Move Over, Mathematicians, Here Comes AlphaProof
A.I. is getting good at math — and might soon make a worthy collaborator for humans.
The problem - as always - is the US media is shit. Comments on that article by randos are better and far more informative than that PR-hype article pretending to be journalism.
Major problem with this article: competition math problems use a standardized collection of solution techniques, it is known in advance that a solution exists, and that the solution can be obtained by a prepared competitor within a few hours.
“Applying known solutions to problems of bounded complexity” is exactly what machines always do and doesn’t compete with the frontier in any discipline.
-–
Note in the caption of the figure that the problem had to be translated into a formalized statement in AlphaGeometry’s own language (presumably by people). This is often the hardest part of solving one of these problems.
AI tech bros keep promising the moon and the stars. But then their AI doesn’t deliver so tech bros lie even more about everything to get more funding. But things don’t pan out again. And the churn continues. Tech bros promise the moon and the stars…
Despite skepticism over whether nuclear fusion—which doesn’t emit greenhouse gases or carbon dioxide—will actually come to fruition in the next few years or decades, Gates said he remains optimistic. “Although their timeframes are further out, I think the role of fusion over time will be very, very critical,” he told The Verge.

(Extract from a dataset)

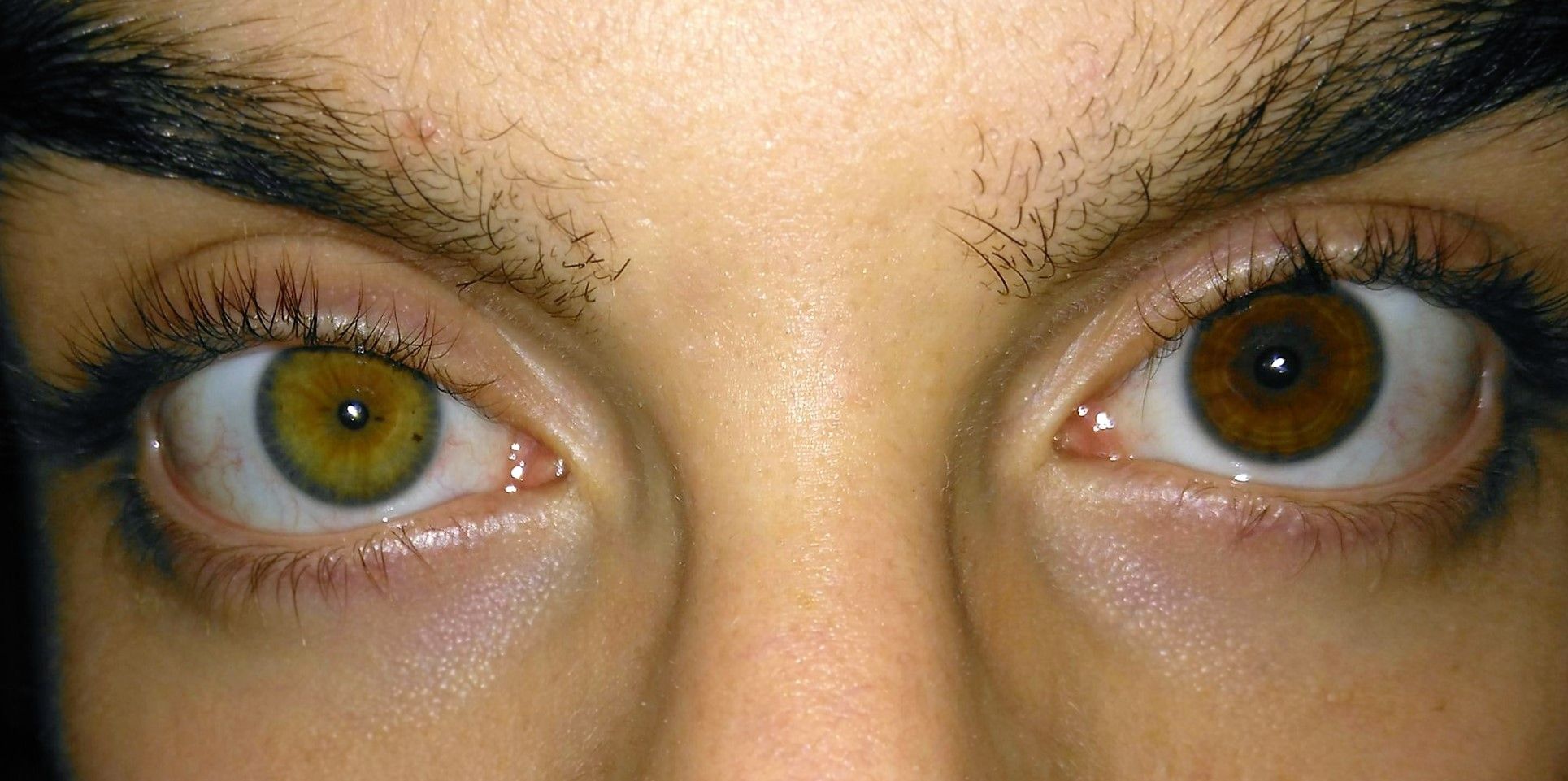 Complete_heterochromia_plus_anisocoria.jpg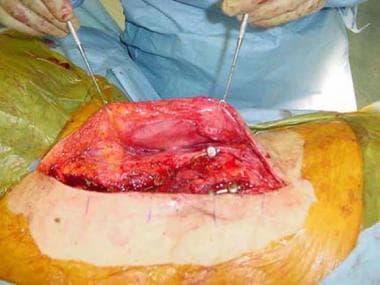 Expanded flap prior to closure of soft tissue defe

don’t worry climate folks, we will throw some dollars at nuclear fusion startups and they will make us beautiful clean energy for AI datacenters in just a few years, only a few more years of big fossil fuel use while we wait, promise
Oracle currently has 162 data centers in operation and under construction globally, Ellison told analysts during a recent earnings call, adding that he expects the company to eventually have 1,000 to 2,000 of these facilities. The company’s largest data center is 800 megawatts and will contain “acres” of Nvidia (NVDA)’s graphics processing units (GPUs) to train A.I. models, he said.
I want football fields of gpus
Ellison described a dinner with Elon Musk and Jensen Huang, the CEO of Nvidia, where the Oracle head and Musk were “begging” Jensen for more A.I. chips. “Please take our money. No, take more of it. You’re not taking enough, we need you to take more of it,” recalled Ellison, who said the strategy worked.
give us more chips brooo
Kyle Kabasares, a data scientist at the Bay Area Environmental Research Institute in Moffett Field, California, used o1 to replicate some coding from his PhD project that calculated the mass of black holes. “I was just in awe,” he says, noting that it took o1 about an hour to accomplish what took him many months.
yeah I’m gonna doubt that, or he didn’t actually compile/run/test that code. like all LLMs it’s amazing until you interact with it a bit and see how incredibly limited it is.